Among the lines below, take the one holding "Housse de couette", the one holding "YELONA Navy Blue & Yellow 6 Pieces Strainer", and all lines between them. Set them down exactly.

[RECORDS]
┄┄┄┄┄┄

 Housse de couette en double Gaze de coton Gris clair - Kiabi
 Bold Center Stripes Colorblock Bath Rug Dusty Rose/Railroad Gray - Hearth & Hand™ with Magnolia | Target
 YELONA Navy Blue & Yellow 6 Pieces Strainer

┄┄┄┄┄┄

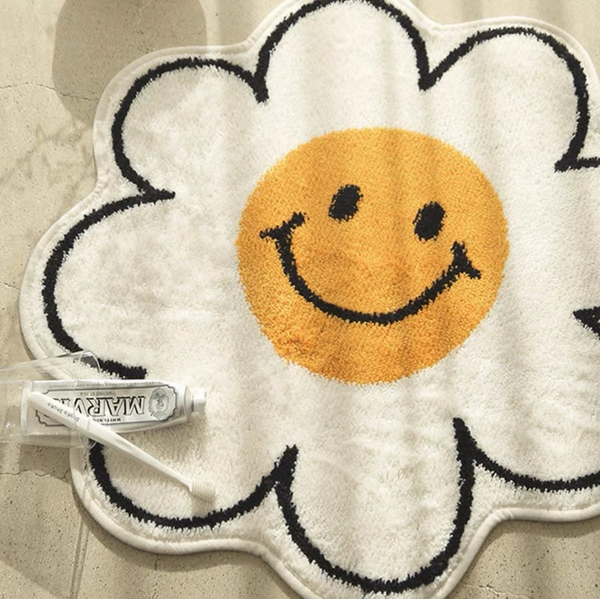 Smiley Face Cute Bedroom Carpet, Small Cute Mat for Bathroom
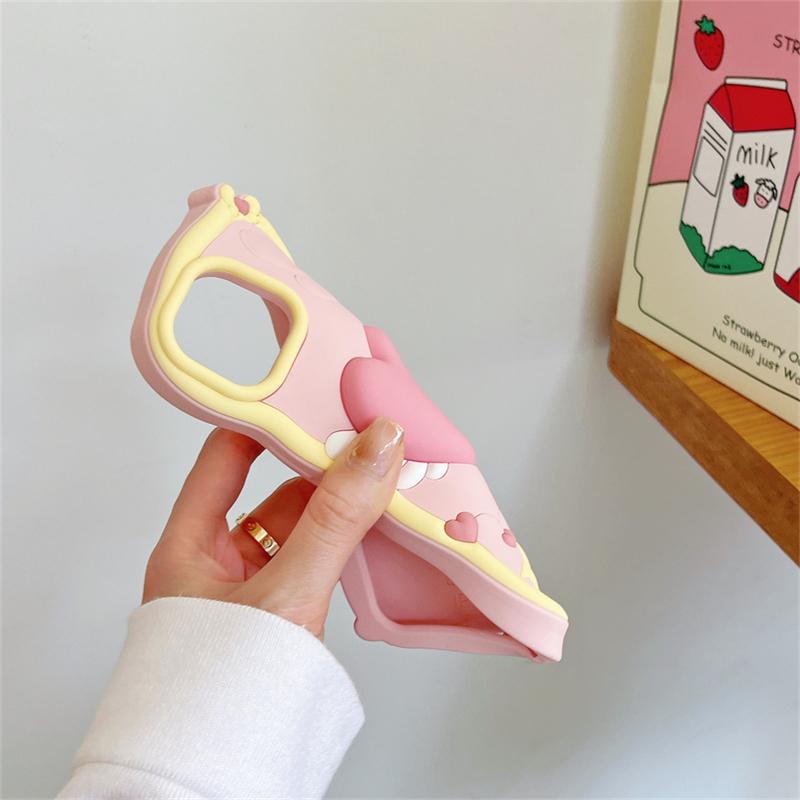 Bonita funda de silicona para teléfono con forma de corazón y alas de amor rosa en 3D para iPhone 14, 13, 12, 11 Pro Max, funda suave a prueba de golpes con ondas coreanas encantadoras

┄┄┄┄┄┄

[YOUR SOLUTION]
 Housse de couette en double Gaze de coton Gris clair - Kiabi
 Bold Center Stripes Colorblock Bath Rug Dusty Rose/Railroad Gray - Hearth & Hand™ with Magnolia | Target
 YELONA Navy Blue & Yellow 6 Pieces Strainer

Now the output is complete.